■ **Prompt**: Copy every entry as is. Leave images out.

(Caption-style text data)
++++++++++++++++++++
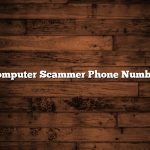 Computer Scammer Phone Number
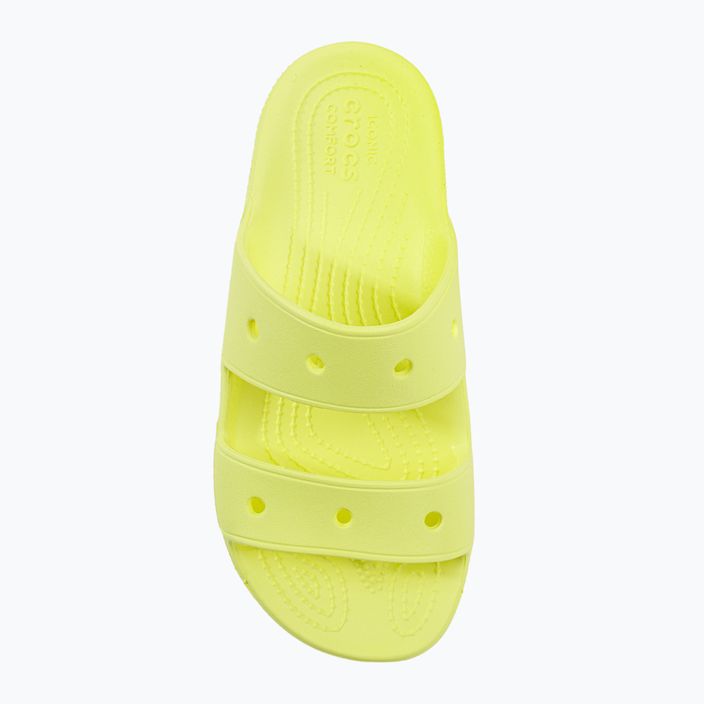 Шльопанці Crocs Classic Sandal giallo chiaro 6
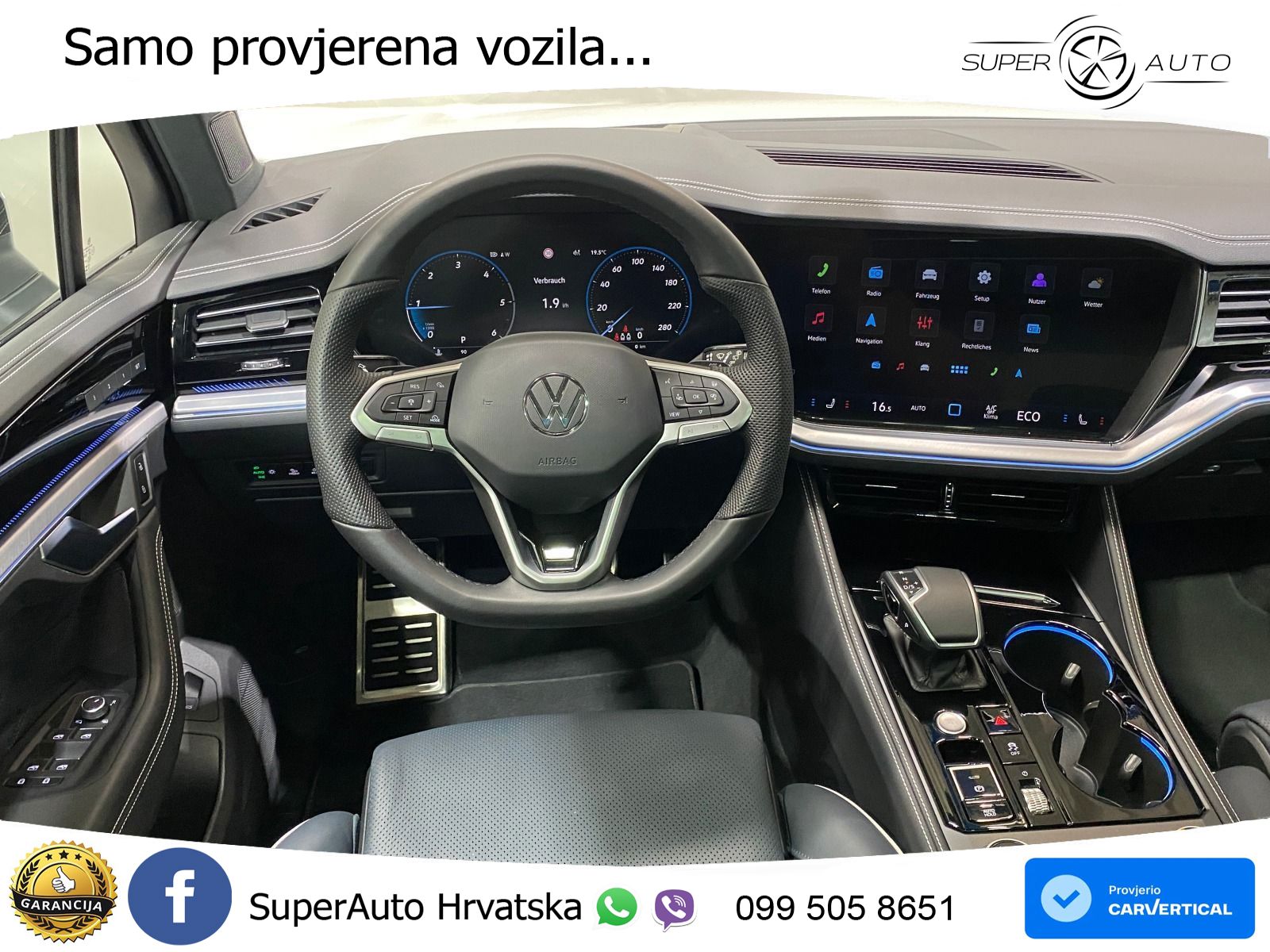 Volkswagen Touareg 3.0 V6 TDI (286 KS) 4MOTION Tiptronic ZRAČNI+ACC+GR SJED+KAM+PANO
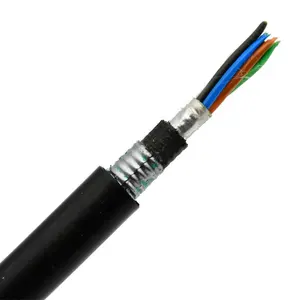 Câble à fibres optiques enterré GYTA53 extérieur de haute qualité ruban en acier 2-288 LSZH PVC PE fibre corning double câble à fibres blindées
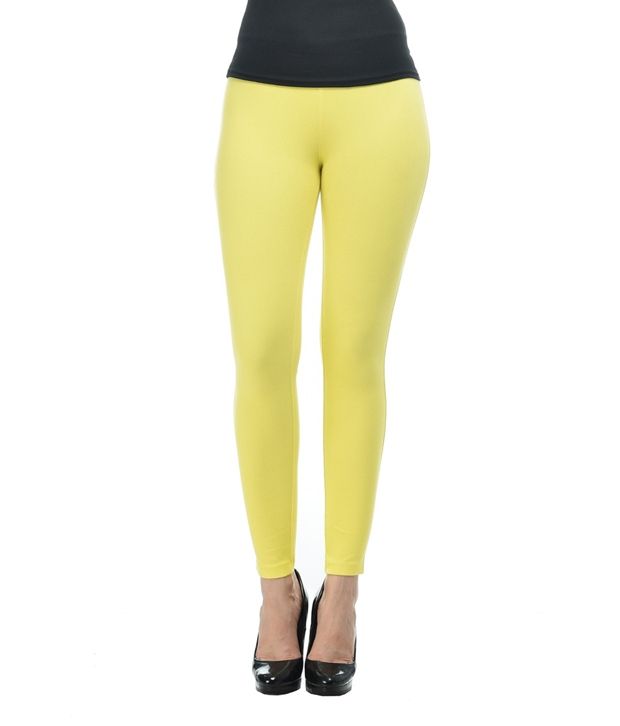 yellow jeggings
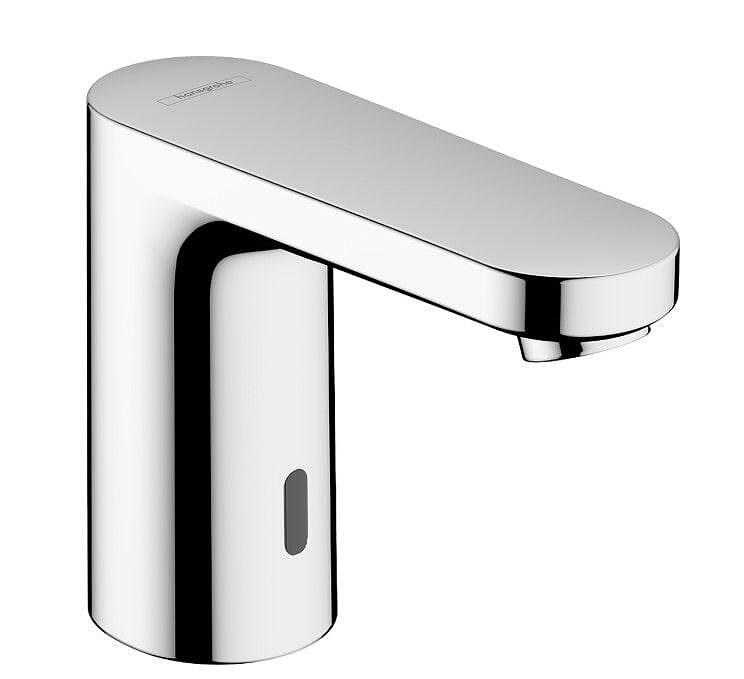 Електронен смесител за умивалник, с ток 230V, от Hansgrohe, за модерна баня  

18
++++++++++++++++++++
■ **Written response**:
 Computer Scammer Phone Number
 Шльопанці Crocs Classic Sandal giallo chiaro 6
 Volkswagen Touareg 3.0 V6 TDI (286 KS) 4MOTION Tiptronic ZRAČNI+ACC+GR SJED+KAM+PANO
 Câble à fibres optiques enterré GYTA53 extérieur de haute qualité ruban en acier 2-288 LSZH PVC PE fibre corning double câble à fibres blindées
 yellow jeggings
 Електронен смесител за умивалник, с ток 230V, от Hansgrohe, за модерна баня  

18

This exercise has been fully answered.